Oh my! That was not a sneer or a comment on composers' experience or abilities. I was sharing one of the opinions people have about cueing as a way to "hedge your bets" or put off making a decision.

As for "old"... I think it was Billy Beyers who said that, and he died about 25 years ago. I spent about a decade working under his copyist, so there are many stories and quotes handed down.

Please also consider the following sentences I typed, because I'm not saying he was completely right:


> I also know of one old arranger who said, "Cues are for people can't hear what they are writing. Make a decision. It's in or out!" That may not always be the case, but it's a point of view worth considering. As you can see, the decision of whether or not to add a cue may be heavily influenced by understanding the situation in the recording or rehearsal.


Billy's opinion stuck with me, and has often spurred me to avoid cueing out of indecision when arranging or orchestrating. It encouraged me take ownership of and responsibility for what I'm putting on the page, and that has made me better at my job.


----------



## Bollen (May 5, 2021)

JohnG said:


> "Old" is possibly telling, in your sentence JJP? I think it's rather harsh and arguably unfair to sneer at younger or inexperienced composers who are unaccustomed to live players.
> 
> In the past five years or so I've arranged a few big orchestral works for composers who are just fine with their electronic versions but who write material that's either impossible to play live or will simply not sound the way the composer _really_ wants it to sound.
> 
> ...


I know I'm going to get into trouble here, but I really disagree with your 2nd paragraph (love the rest though ). Back when I started we had to do everything in our heads and only had recordings as references. Learning orchestration was by far the hardest thing I did because there was no way to test anything, now people can experiment with any texture they want with sample libraries and other similar tools. It has never been easier to learn to compose music, thanks to the internet, and try out any wacky idea with a computer... You still have to study the "principles" of instruments. Consequently I feel we should be harder on this generation than ever before!!!


----------



## Illico (May 5, 2021)

It's nice that everyone can share their opinion here.
Communication is the main point in music.
The topic for me was what the notation (cue) and (play) in the score meant. I learned many thing from all of you. Thanks.


----------



## Dave Connor (May 6, 2021)

I write a cue part now and then. Midi renditions are not always accurate when played by a real orchestra (for reasons we all know.) You may have an effective idea that seems intrusive in midi but actually does enhance the music/picture on the stage. Sometimes it’s nice to have that bit of spontaneity in a session. They can also be entered in by an orchestrator unbeknownst to the writer. I rarely like those but it’s the main composer’s call.

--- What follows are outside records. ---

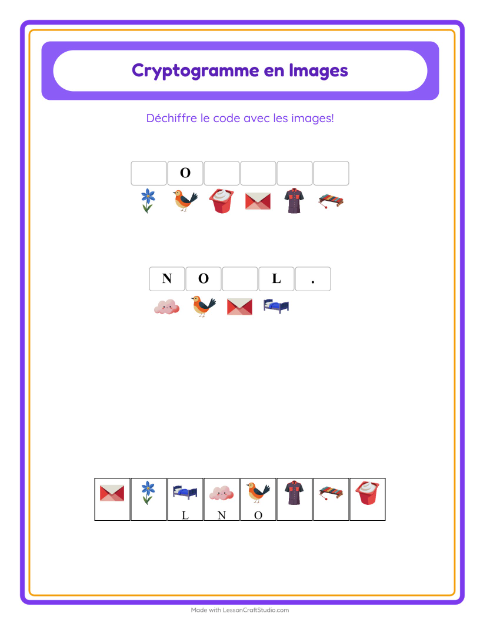 Aperçu de la fiche Cryptogramme pour École maternelle (grande section, 5-7 ans)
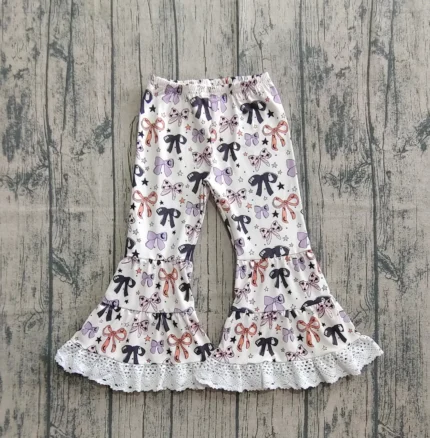 Wholesale Children Ghost Bows Clothes Kids Infant Halloween Bell Bottom Pants Toddler Spring Fall Clothing Baby Girl Trousers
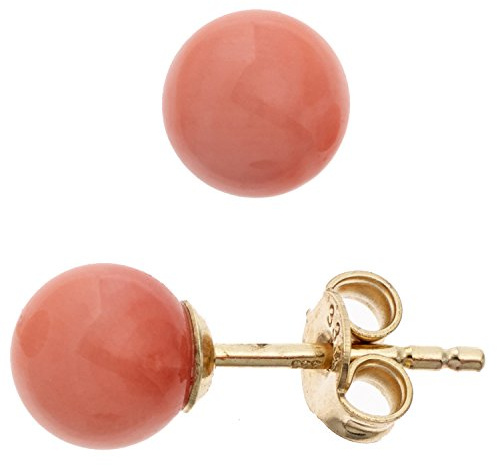 Jobo Damen-Ohrstecker Kugel aus 8 Karat 333 Gold mit Koralle rosa 6 mm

As far as cues for those who have long rests or other reasons of difficulty, they normally show a written part - on a staff - of an easily heard instrument such as _trumpet_, to literally _cue _a player in soon after it’s played. Opera and Broadway shows have been doing that forever. JJP may correct me but as he said, it tends to be written on the player’s part not in the score.


----------



## rudi (May 6, 2021)

And then there is "ossia".... 

https://en.wikipedia.org/wiki/Ossia


----------



## JJP (May 6, 2021)

Dave Connor said:


> As far as cues for those who have long rests or other reasons of difficulty, they normally show a written part - on a staff - of an easily heard instrument such as _trumpet_, to literally _cue _a player in soon after it’s played. Opera and Broadway shows have been doing that forever.


Copyists will often add those types of cues to studio parts as well. Some copyists even have a rule of "Any rest of more than X bars gets a cue." They can be quite helpful to players who are sight reading when a chart has lots of rubato, meter changes, or odd phrases during a particularly long rest, especially if there were a lot of starts and stops in the recording during that rest.


----------



## JohnG (May 6, 2021)

JJP said:


> Billy's opinion stuck with me, and has often spurred me to avoid cueing out of indecision when arranging or orchestrating. It encouraged me take ownership of and responsibility for what I'm putting on the page, and that has made me better at my job.


Hi @JJP -- I hadn't considered that what I wrote might come off as scolding, which I didn't intend at all, at you or anyone, but especially given your skill set, I didn't mean it that way. I'm sorry that it seemed to come off that way.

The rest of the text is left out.